On February 12, 2021, the FDA approved trilaciclib (Cosela; G1 Therapeutics), as a first-in-class cyclin-dependent kinase (CDK)4/6 inhibitor to reduce the frequency of chemotherapy-induced myelosuppression in adults with extensive-stage small-cell lung cancer, when used before a platinum plus etoposide regimen or a topotecan-containing regimen. Trilaciclib may prevent damage to bone marrow cells by inhibiting the CDK4/6 enzyme. The FDA granted trilaciclib priority review and a breakthrough therapy designation.
“For patients with extensive-stage small-cell lung cancer, protecting bone marrow function may help make their chemotherapy safer and allow them to complete their course of treatment on time and according to plan,” said Albert Deisseroth, MD, PhD, Supervisory Medical Officer at the FDA’s Center for Drug Evaluation and Research. “Today’s approval of Cosela will give patients a treatment option that can reduce the occurrence of a common, harmful side effect of chemotherapy.”

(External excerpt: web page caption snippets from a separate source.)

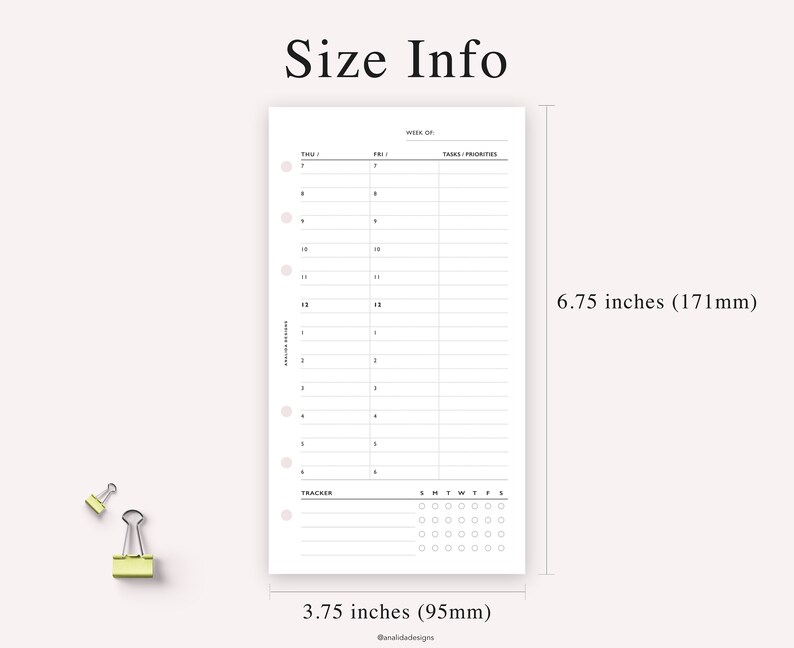 PERSONAL Size Weekly Planner Printable Hourly Planner | Etsy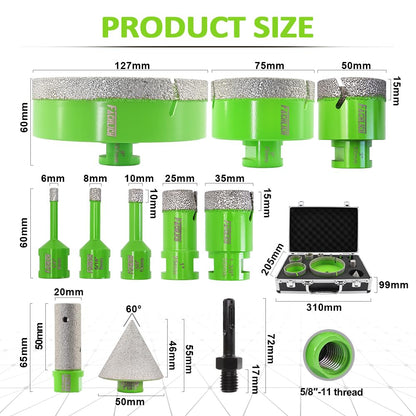 FACHLICH Diamond Core Drill Bits Set - Tile Hole Saw Kit 6/8/10/25/35/50/75/127MM+20F with 2" Diamond Beveling Chamfer Bits for Porcelain Ceramic Tile Granite Marble(11PCS)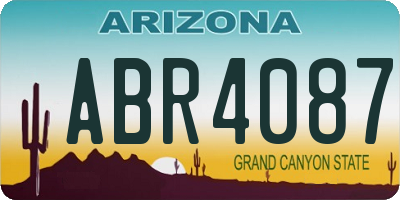 AZ license plate ABR4087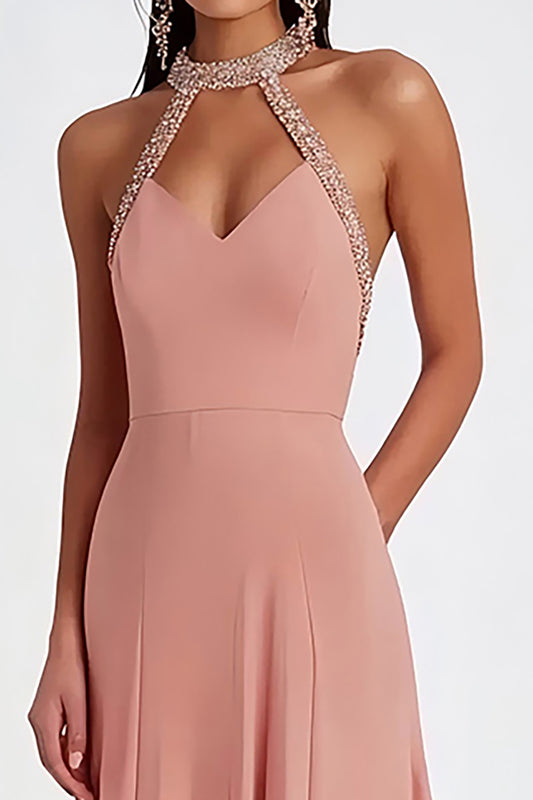 Halter Pink Ruched Long Formal Dress with Beading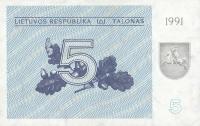 p34a from Lithuania: 5 Talonas from 1991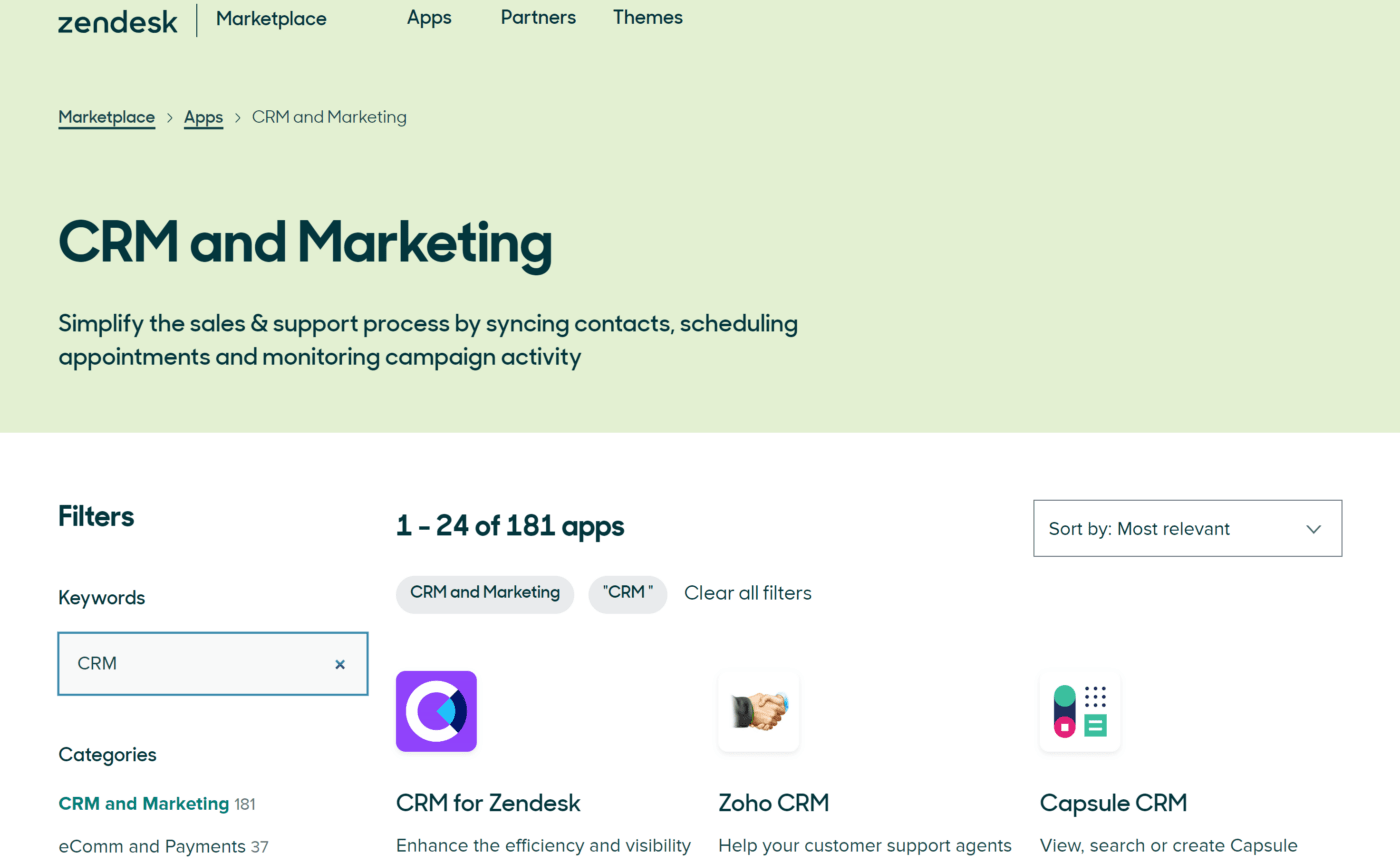 Opcje integracji CRM w Zendesk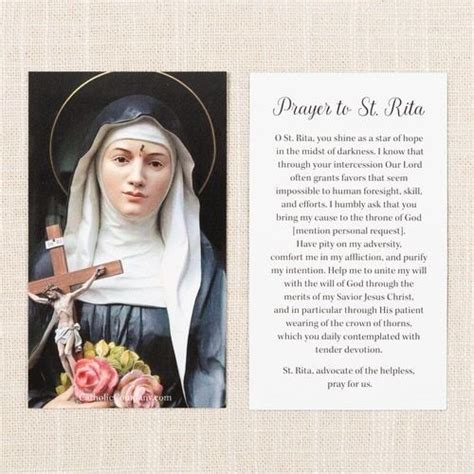 St Rita Prayer Card In 2020 Prayer To St Rita Prayers Prayers For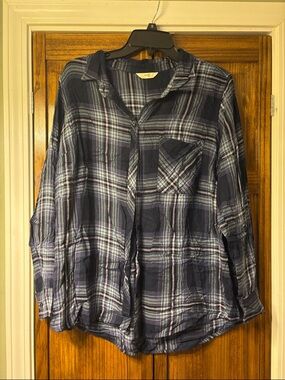 Terra & Sky Navy Plaid Shirt with Light Pink Stripes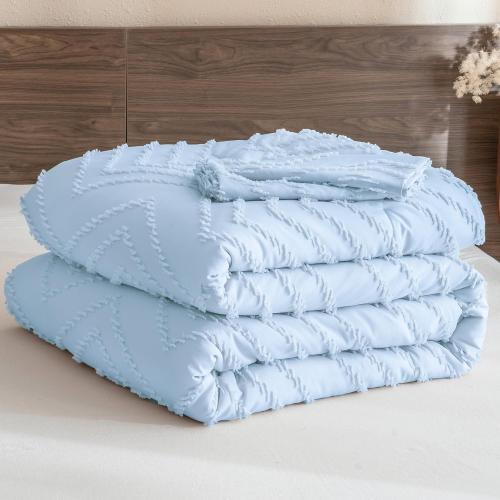 Andency Light Blue Comforter Set Full Size, Boho Soft Warm Tufted Neutral Bedding Comforter Sets for Full Bed, Aesthetic Chevron Cute Bohemian Textured Bedding Set
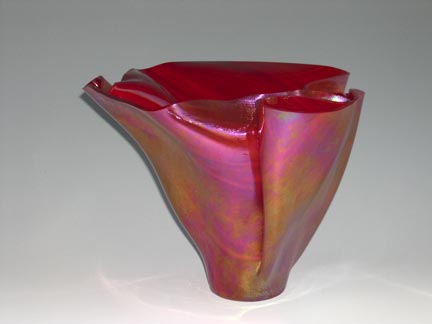 Red Vase — fused glass by Carole Perry, Laughing Glass Studio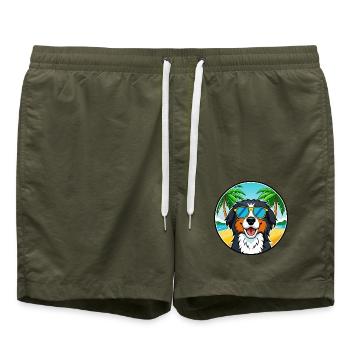 Bernese Mountain Dog Breed Cartoon Sunglass Beach - Swim Trunks - olive - Front - AI Model Male 185 light (185cm)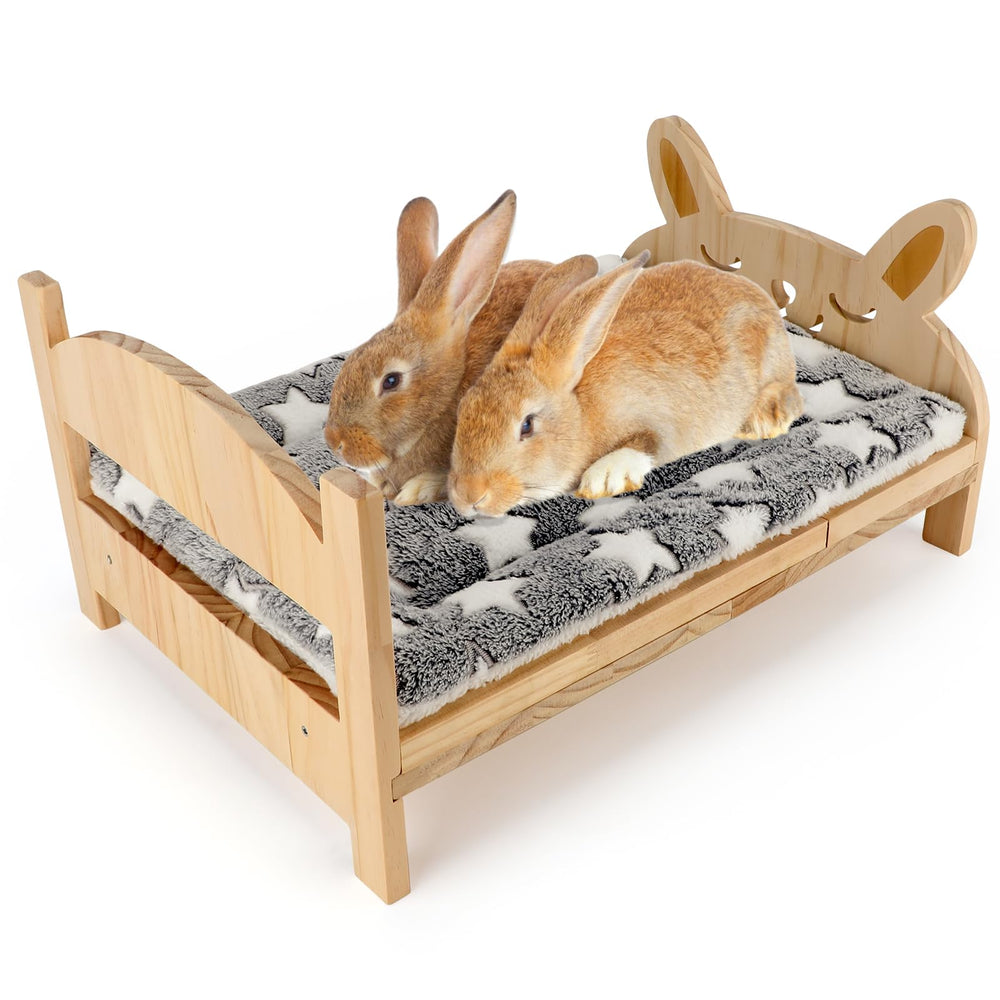 Midollarle large wooden rabbit bed shows sturdy construction for safe, comfy naps.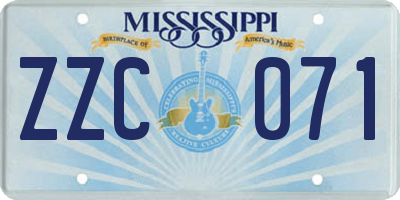 MS license plate ZZC071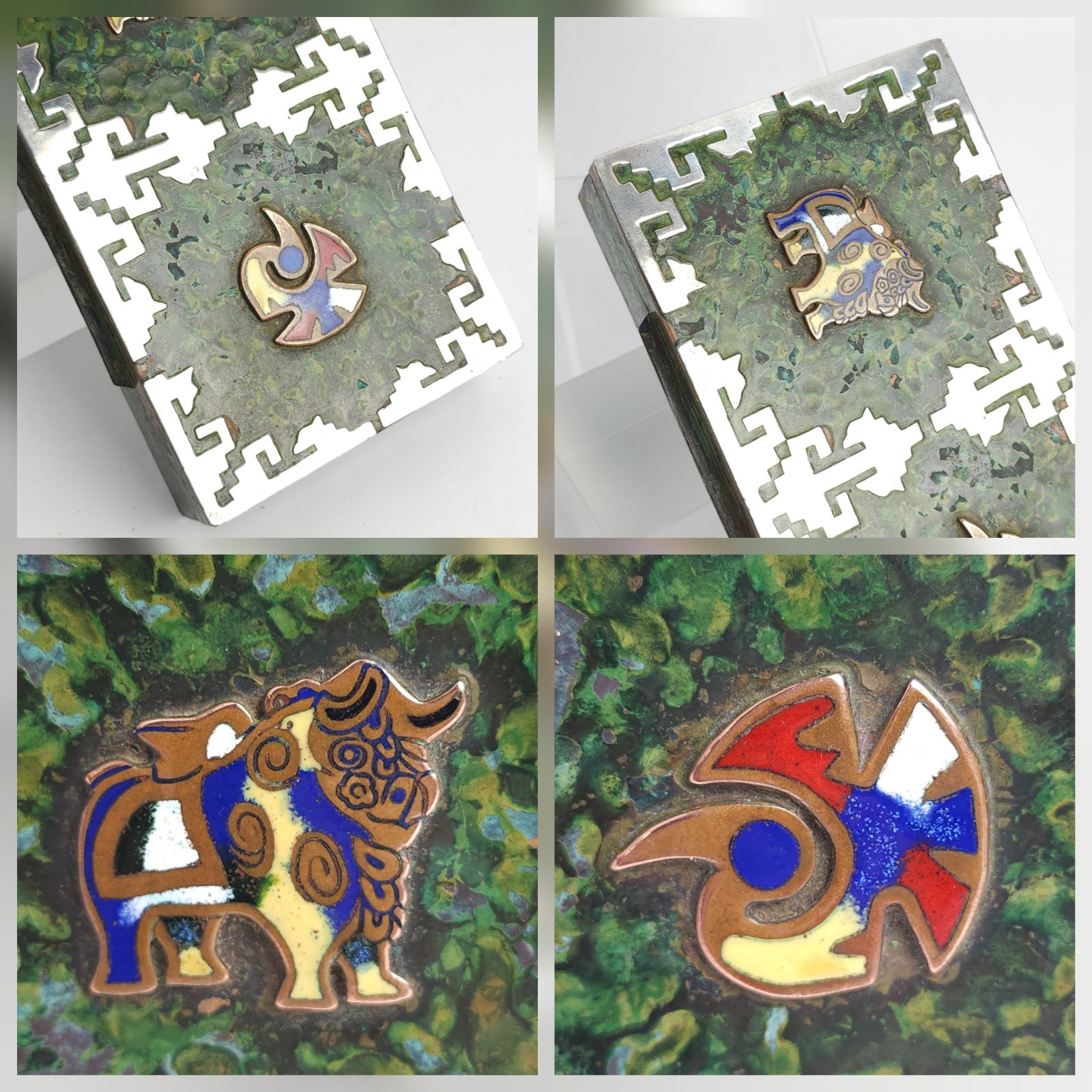 Vintage Peru Enameled Copper Cigarette Trinket Box Silver Tone Metal Bird Bull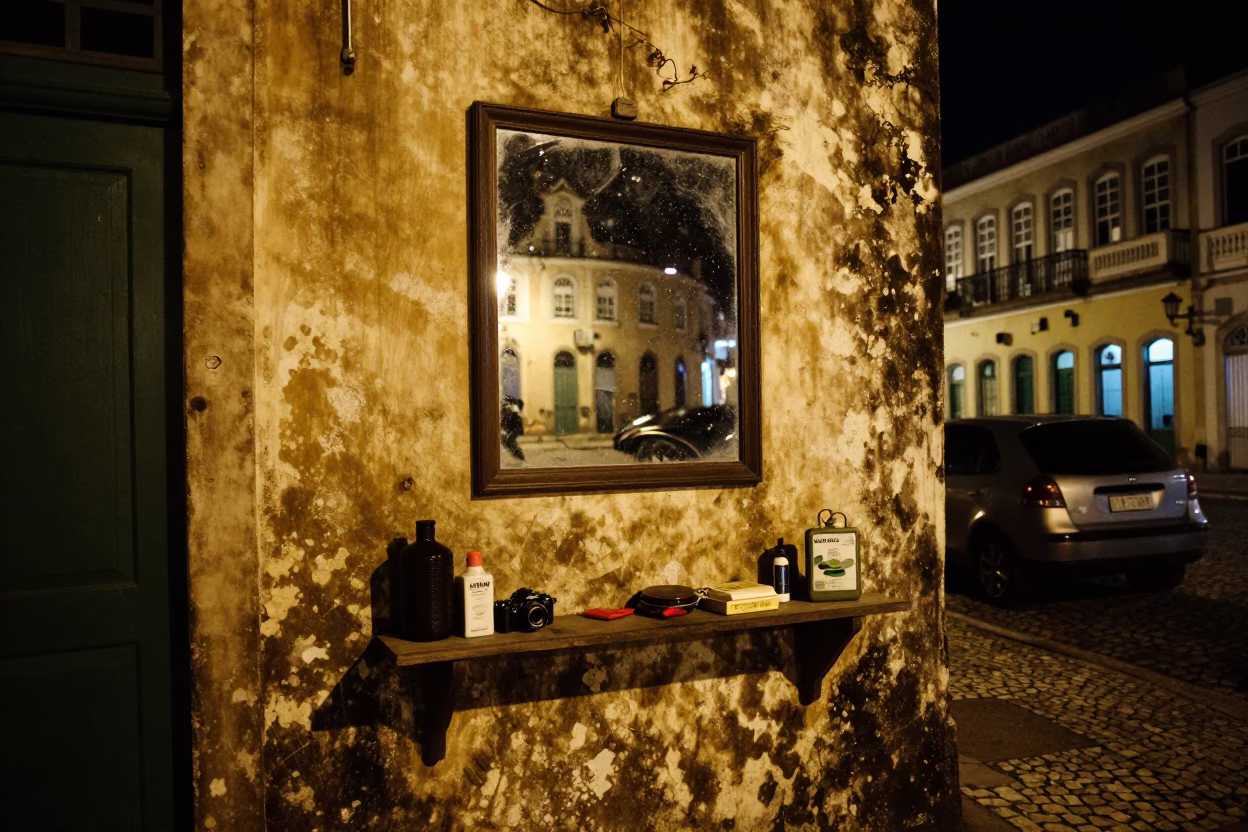 Late Night Street Scene in Salvador Brazil With Smudged Mirror and Shelf Reflections in in Salvador, Brazil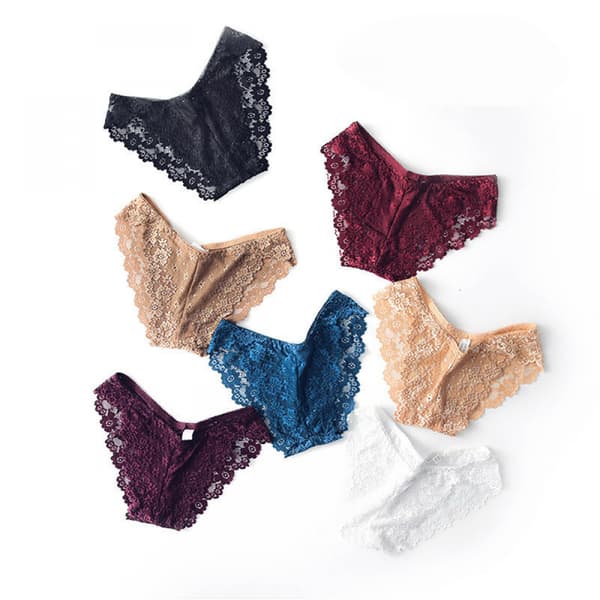 Sexiga underkläder för kvinnor Plus Size Hög midja Spets Trosor Damunderkläder-Blå-L
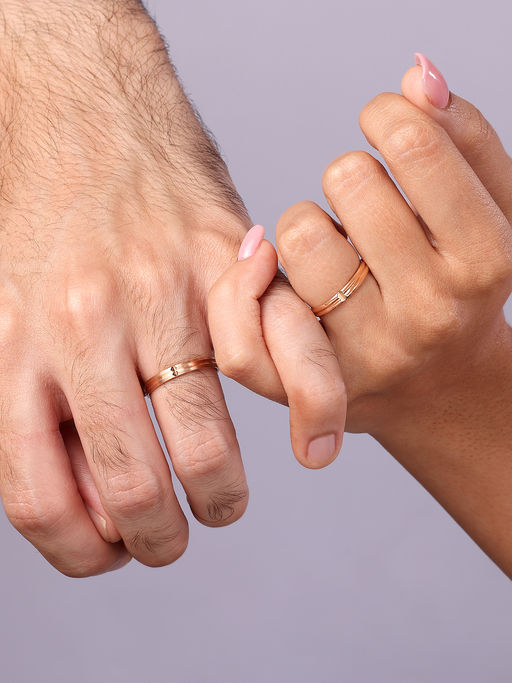 Rose Gold Couple Tanishq Rings For Couples Rose Gold Platinum Ring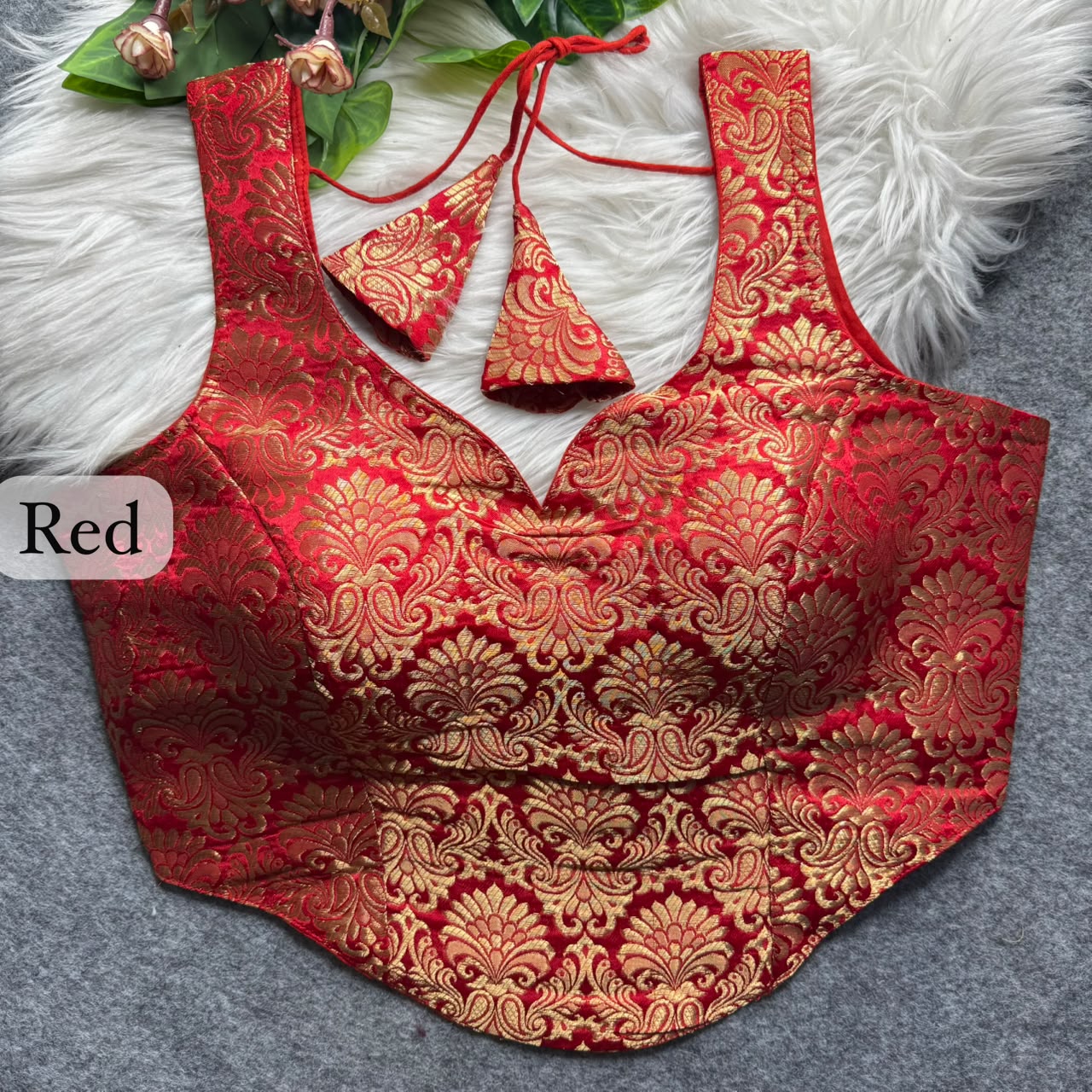 Red Pure Heavy King Khab Banarasi With Tricot Fuising Blouse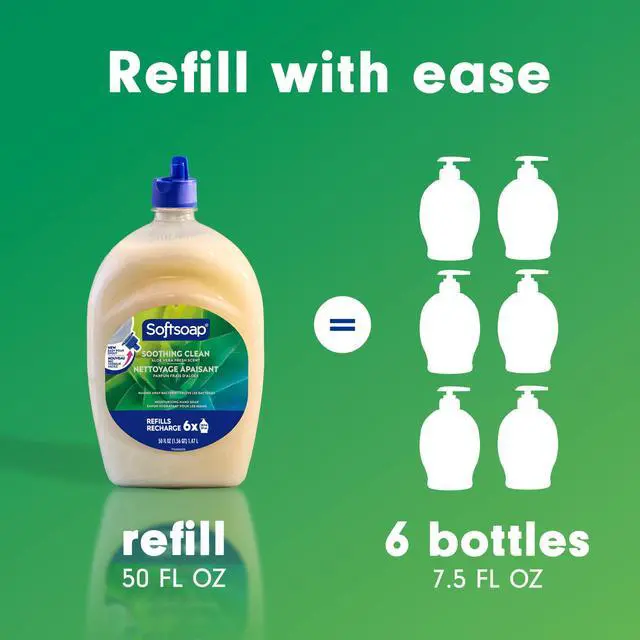 Alt view image 2 of 6 - Softsoap Soothing Clean Liquid Hand Soap with New Easy Pour Spout, Aloe Vera Fresh Scent, 50 fl oz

The FDA approved trilaciclib based on data from 3 randomized, double-blind, placebo-controlled studies with a total of 245 patients who were randomized to intravenous trilaciclib or to placebo before chemotherapy. The study compared the incidence rate and duration of severe neutropenia in the first cycle of chemotherapy.
In all 3 studies, patients who received trilaciclib had a lower risk for severe neutropenia than those who received placebo, as well as a shorter duration of severe neutropenia.
The most common (≥10%) adverse events were fatigue, increased levels of aspartate aminotransferase, headache, pneumonia, and deficiencies in calcium, potassium, and phosphate. The grade 3 or 4 hematologic adverse reactions to trilaciclib included neutropenia (32%), thrombocytopenia (18%), anemia (16%), leukopenia (4%), and febrile neutropenia (3%). Trilaciclib therapy is associated with the risk for acute drug hypersensitivity, interstitial lung disease, and pneumonitis.